### Exercise objective
Only the lines in the entries below from the line with "vm placement cost function cont" to the line with "Geninue Leather Wallet", both included, belong in the answer, transcribed exactly and without pictures.

-- Material for the task follows --

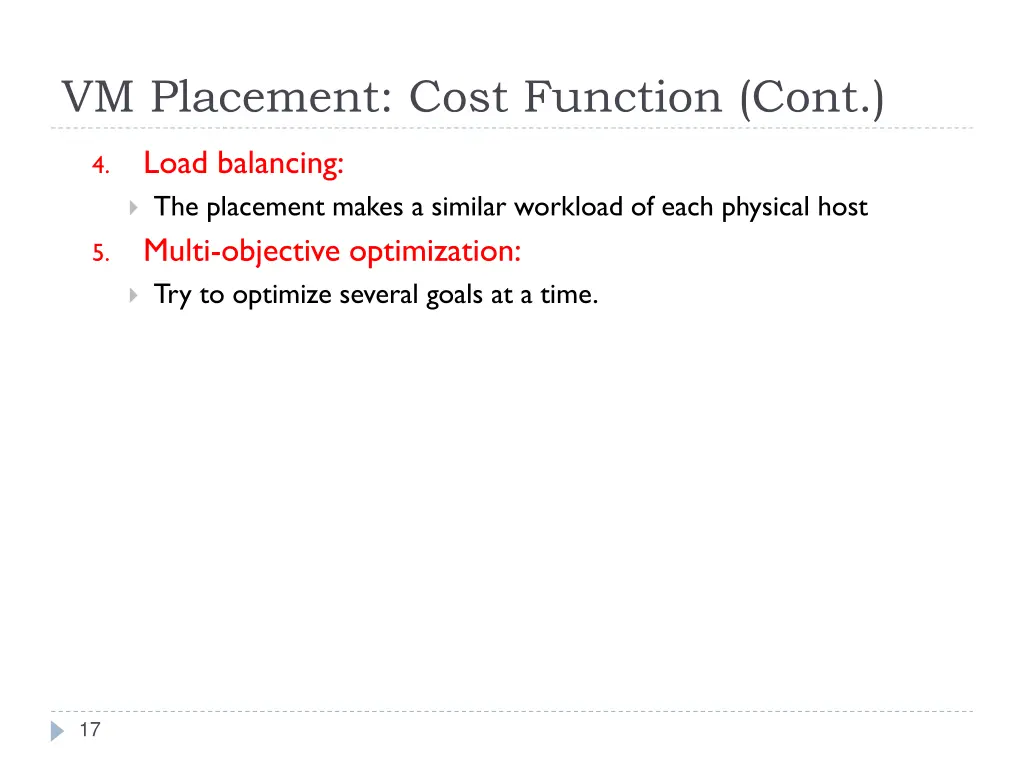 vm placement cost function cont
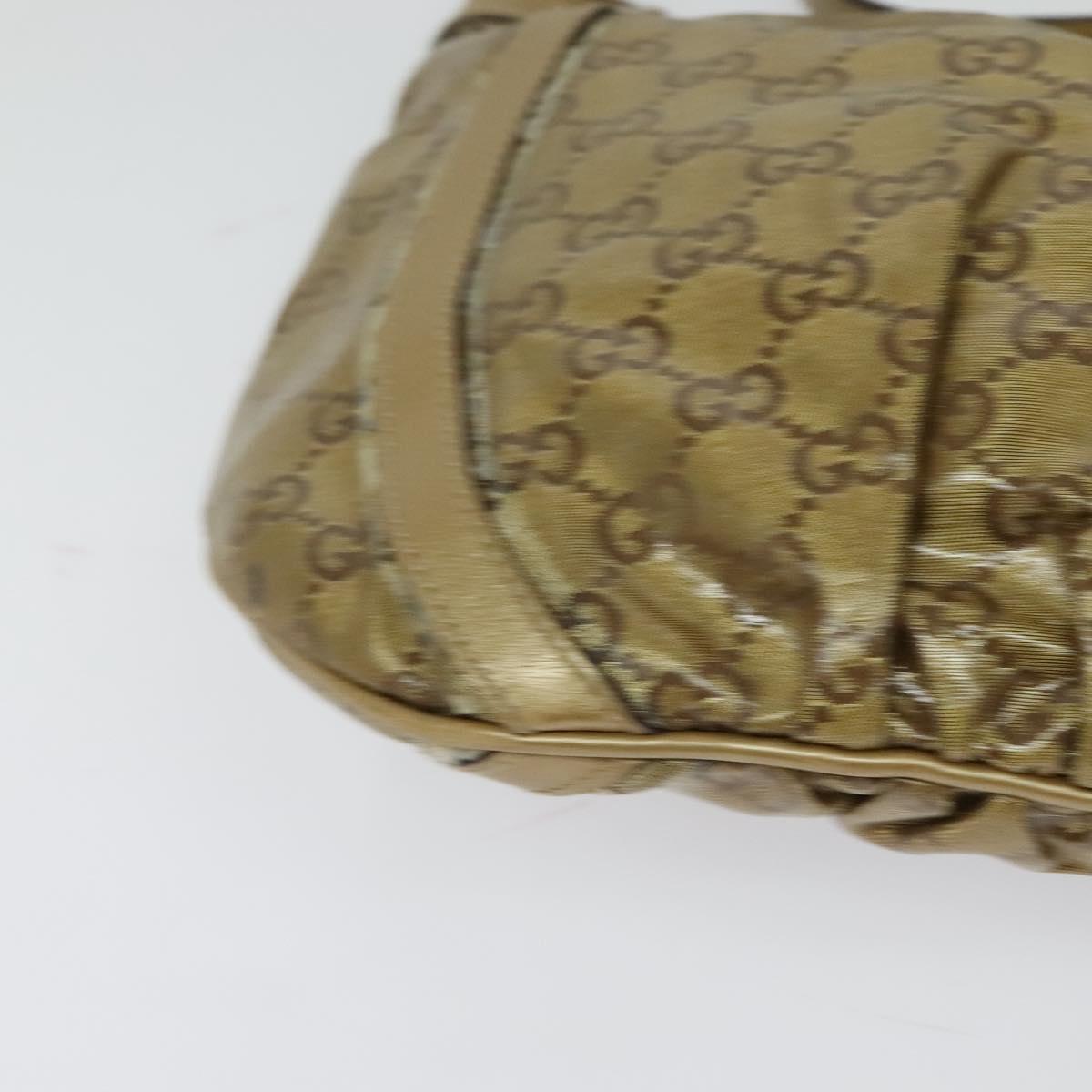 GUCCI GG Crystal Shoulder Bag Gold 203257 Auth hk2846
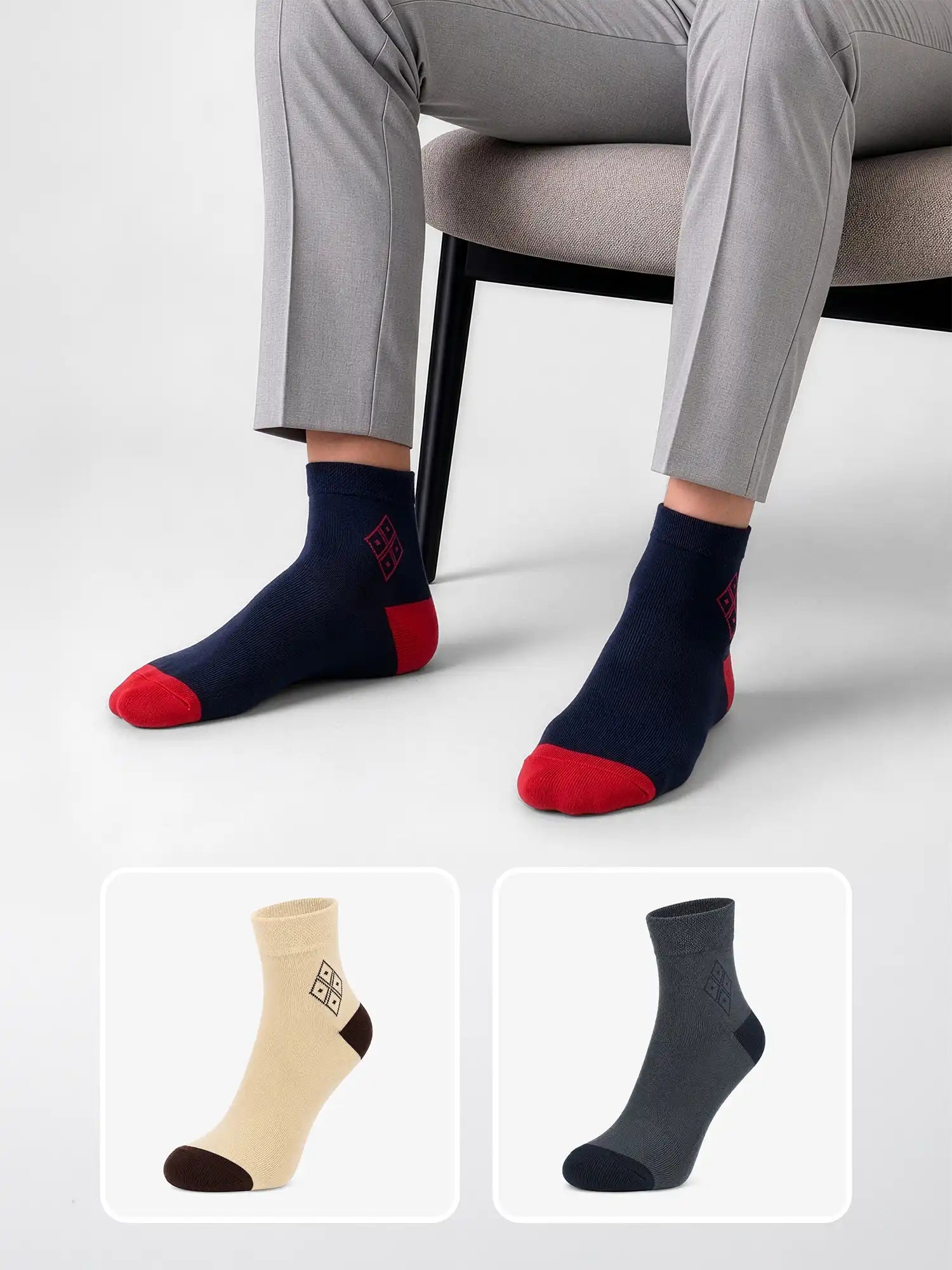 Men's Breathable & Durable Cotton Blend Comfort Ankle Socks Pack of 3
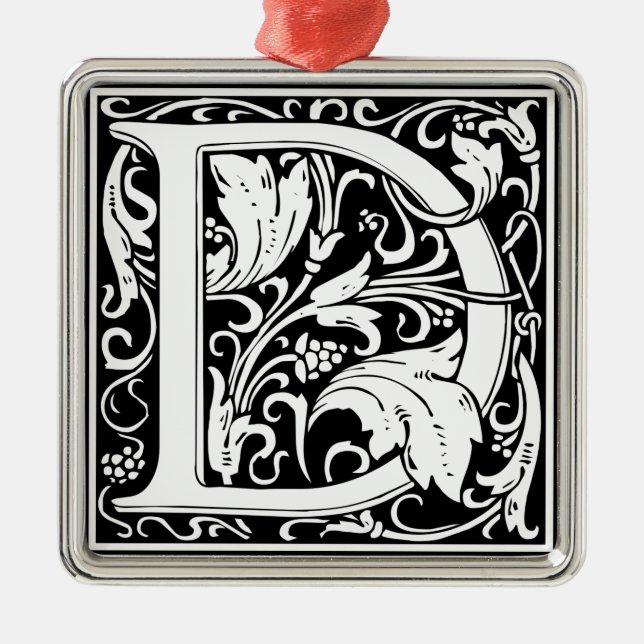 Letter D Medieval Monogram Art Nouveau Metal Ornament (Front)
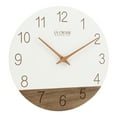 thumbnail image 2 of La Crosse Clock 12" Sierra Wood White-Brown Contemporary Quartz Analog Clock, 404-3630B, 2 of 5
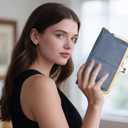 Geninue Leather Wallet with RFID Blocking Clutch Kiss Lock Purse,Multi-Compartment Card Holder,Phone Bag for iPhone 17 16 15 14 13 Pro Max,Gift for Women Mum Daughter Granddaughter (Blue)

-- Material for the task concluded --
-- Material for the task follows --

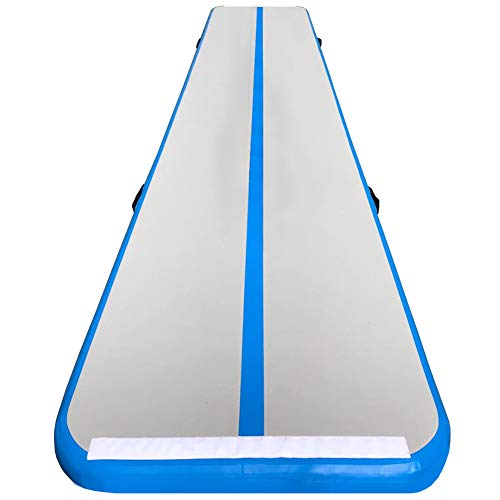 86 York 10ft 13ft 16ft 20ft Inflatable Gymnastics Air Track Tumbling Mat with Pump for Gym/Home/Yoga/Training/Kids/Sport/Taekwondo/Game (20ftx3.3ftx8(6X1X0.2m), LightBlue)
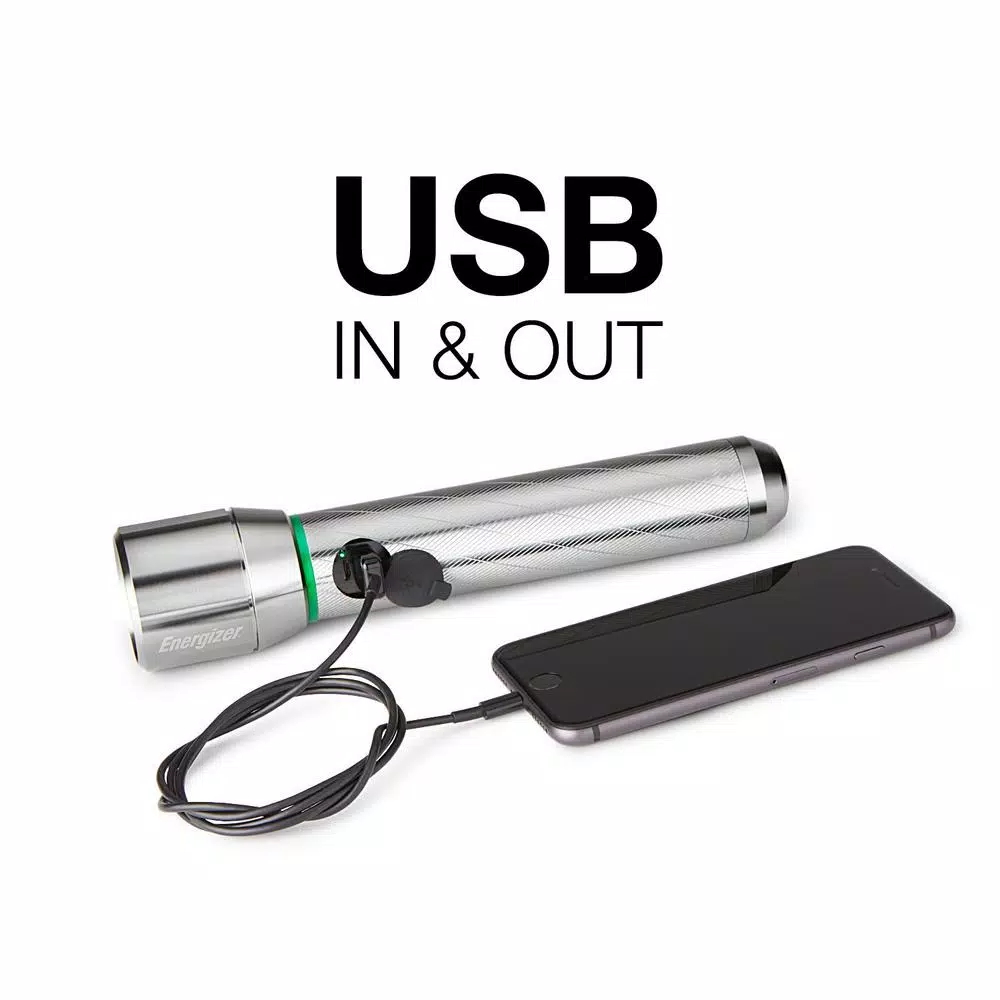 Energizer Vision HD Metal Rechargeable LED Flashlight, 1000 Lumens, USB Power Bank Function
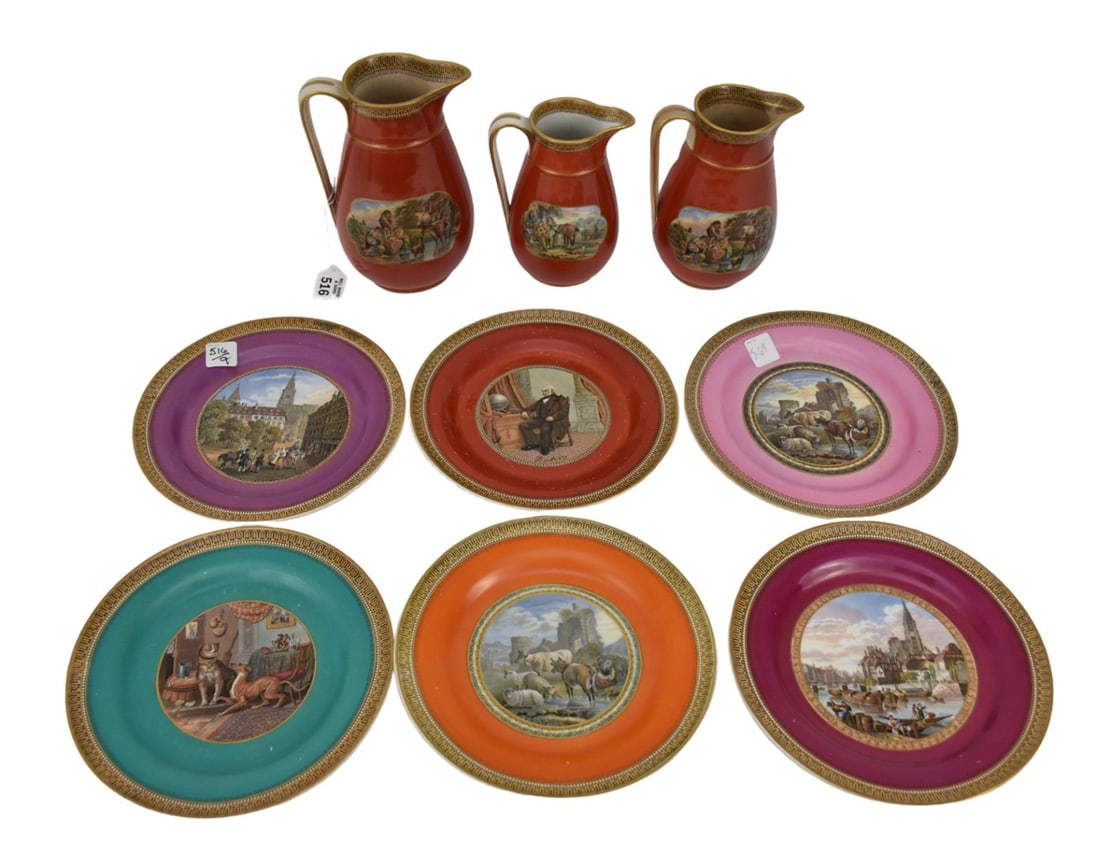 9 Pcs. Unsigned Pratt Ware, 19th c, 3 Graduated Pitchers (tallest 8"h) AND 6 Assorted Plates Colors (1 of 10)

-- Material for the task concluded --
-- Material for the task follows --

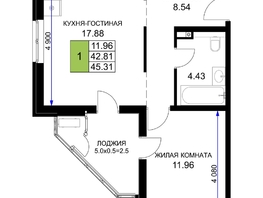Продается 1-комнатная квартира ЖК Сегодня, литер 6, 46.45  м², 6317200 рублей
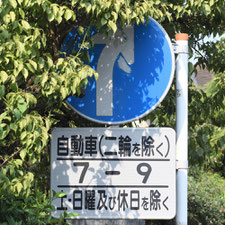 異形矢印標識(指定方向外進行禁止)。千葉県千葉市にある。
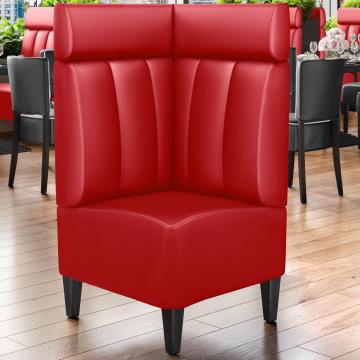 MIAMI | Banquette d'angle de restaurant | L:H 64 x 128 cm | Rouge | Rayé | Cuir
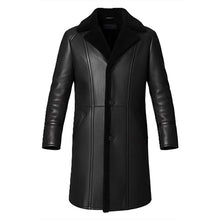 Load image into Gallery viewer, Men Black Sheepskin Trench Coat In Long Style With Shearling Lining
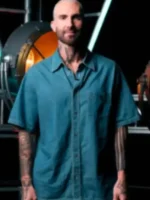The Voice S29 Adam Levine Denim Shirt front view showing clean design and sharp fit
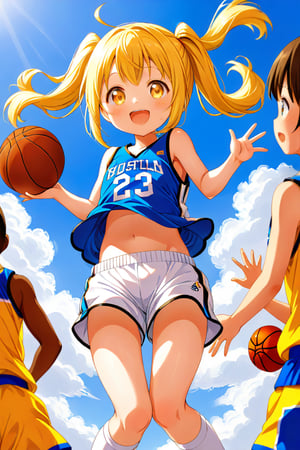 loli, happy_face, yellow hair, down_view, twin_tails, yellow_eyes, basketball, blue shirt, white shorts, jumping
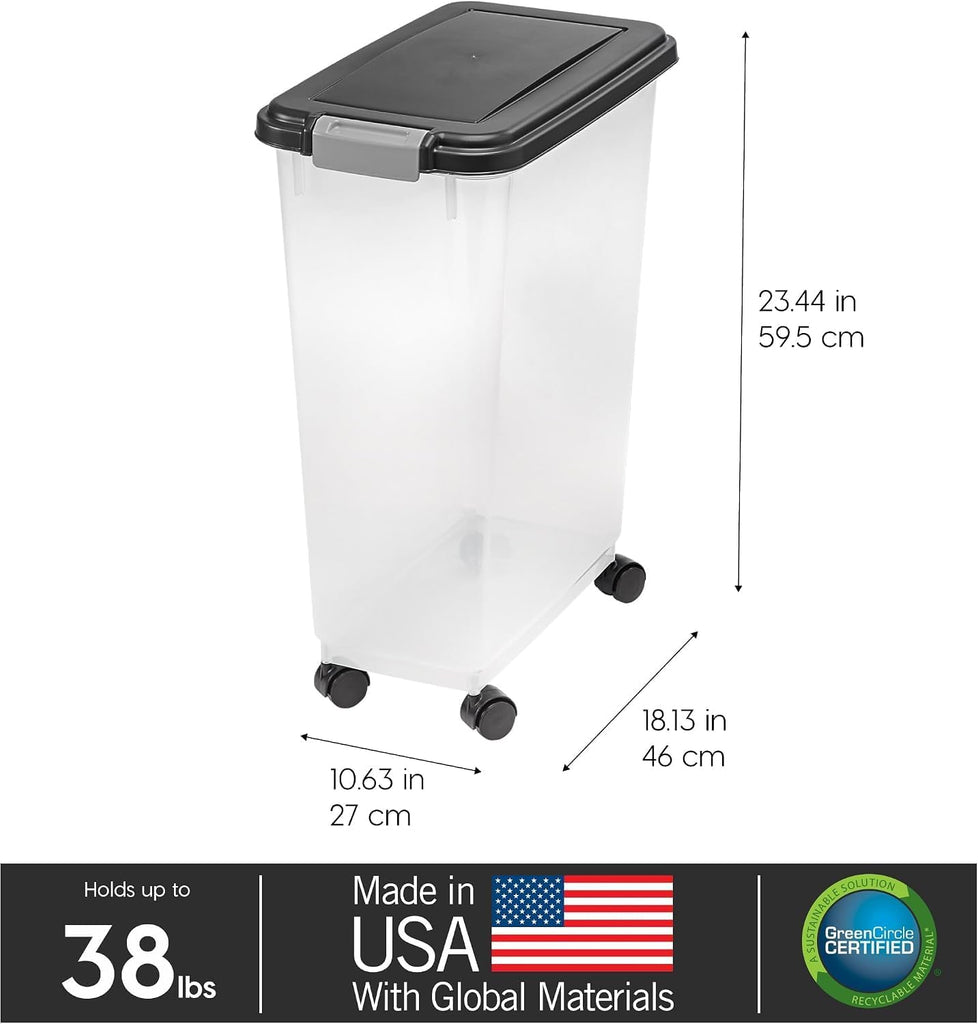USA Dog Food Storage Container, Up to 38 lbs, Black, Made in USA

-- Material for the task concluded --

### Response area
 vm placement cost function cont
 GUCCI GG Crystal Shoulder Bag Gold 203257 Auth hk2846
 Men's Breathable & Durable Cotton Blend Comfort Ankle Socks Pack of 3
 Letter D Medieval Monogram Art Nouveau Metal Ornament (Front)
 thumbnail image 2 of La Crosse Clock 12" Sierra Wood White-Brown Contemporary Quartz Analog Clock, 404-3630B, 2 of 5
 Geninue Leather Wallet with RFID Blocking Clutch Kiss Lock Purse,Multi-Compartment Card Holder,Phone Bag for iPhone 17 16 15 14 13 Pro Max,Gift for Women Mum Daughter Granddaughter (Blue)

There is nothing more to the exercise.